The Musée d’Archéologie et d’Histoire Pointe-à-Callière covers the history of Montreal from the arrival of the Amerindians, and, takes you through the founding of the
city and beyond. It is built on the site of the original settlement. Two things I found out about this place I didn’t know before: Montreal is an island, and, in 1701 a significant peace treaty between the French and 40 First Nations of North America was signed. As their signatures, the First Nation’s representatives used marks which were pictographs of animals: deer, bear, frog, turtle, crane, fox, beaver etc. There is a very good, and, very detailed panoramic stained glass mural of this historic event by Nicholas Sollogoub in the museum.
The Basilique Notre-Dame is an example of a building whose exterior is somewhat bland but, once you step inside, a vast sky-blue gilded ceiling - featuring three rose windows - is breath-taking. There is much more to feast your eyes on inside this neo-Gothic beauty.

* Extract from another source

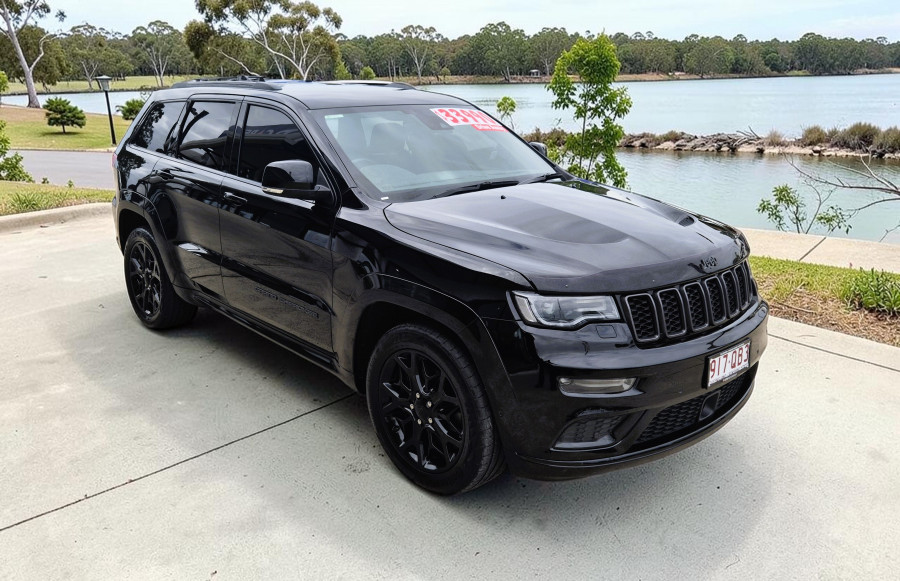 2021 Jeep Grand Cherokee WK S-Limited SUV Image 1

The Musée des Beaux-Arts has a vast collection. Any genre of art your heart desires can be found inside the labyrinthine layout of this gallery. We only discovered the building with all the Canadian art at the end - if I were to go back I would concentrate on this section.
As to food,
during our first few days we had a few highlights. First, the coffee is good – hooray! Secondly, the pastries are too – second hooray. A few recommendations: we were given a tip to try Casse Croute Wilensky at 34 Fairmount Ave West. This place opened in 1932 and hasn’t changed a bit. We tried the classic grilled beef salami and beef bologna sandwich with mustard on a kaiser roll. Don’t even try to say “no mustard thanks” or “please cut my sandwich in two”. A sign on the lurid green wall tells you that the sandwich always includes mustard and is NEVER cut! It reminded me of establishments in New York City of the 1980s. Towards the end of our stay we also feasted on a smoked meat sandwich at Schwartz on Rue St Laurence which Mark loved but I found a bit too meaty. We dined at two very good restaurants during our stay, Graziella and Milos which were excellent but not cheap.
Saturday, Sunday and Monday were market days. We went to Jean Talon (the biggest and my favourite), Maisonneuve (the smallest and the most difficult to get to – don’t get off at
Assomption!) and Atwater Market which was the middle sized one. These market jaunts were meant to happen in the morning but a number of late night jazz gigs ensured that we usually slept in so didn’t make it there until late in the morning.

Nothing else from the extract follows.